▶ Your task: Return each line of the records below that contains the word "Ford".
================================
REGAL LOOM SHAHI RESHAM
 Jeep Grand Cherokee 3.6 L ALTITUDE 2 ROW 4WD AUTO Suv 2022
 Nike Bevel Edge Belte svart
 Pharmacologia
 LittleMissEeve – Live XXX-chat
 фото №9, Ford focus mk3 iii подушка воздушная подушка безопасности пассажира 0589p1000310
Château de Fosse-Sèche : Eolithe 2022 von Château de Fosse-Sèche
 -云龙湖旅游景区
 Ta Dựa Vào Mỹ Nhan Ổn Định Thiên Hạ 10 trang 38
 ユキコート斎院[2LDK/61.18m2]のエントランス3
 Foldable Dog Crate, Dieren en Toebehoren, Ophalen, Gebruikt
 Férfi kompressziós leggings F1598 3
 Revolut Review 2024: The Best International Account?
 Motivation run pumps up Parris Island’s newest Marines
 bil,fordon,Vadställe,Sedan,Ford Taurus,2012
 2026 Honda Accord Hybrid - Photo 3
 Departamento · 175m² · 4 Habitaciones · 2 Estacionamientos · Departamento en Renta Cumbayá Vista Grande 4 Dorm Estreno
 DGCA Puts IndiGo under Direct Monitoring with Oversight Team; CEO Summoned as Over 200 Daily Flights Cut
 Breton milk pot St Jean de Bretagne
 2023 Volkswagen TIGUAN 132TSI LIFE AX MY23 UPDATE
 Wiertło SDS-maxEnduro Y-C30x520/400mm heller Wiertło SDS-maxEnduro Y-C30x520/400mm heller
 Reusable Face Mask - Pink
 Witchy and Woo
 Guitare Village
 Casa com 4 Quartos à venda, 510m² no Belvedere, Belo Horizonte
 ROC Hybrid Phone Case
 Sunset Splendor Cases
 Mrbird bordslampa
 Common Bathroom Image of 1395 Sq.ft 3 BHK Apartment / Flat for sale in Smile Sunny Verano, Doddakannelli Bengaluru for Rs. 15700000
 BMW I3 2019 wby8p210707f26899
================================
▶ Answer box:
 фото №9, Ford focus mk3 iii подушка воздушная подушка безопасности пассажира 0589p1000310
 bil,fordon,Vadställe,Sedan,Ford Taurus,2012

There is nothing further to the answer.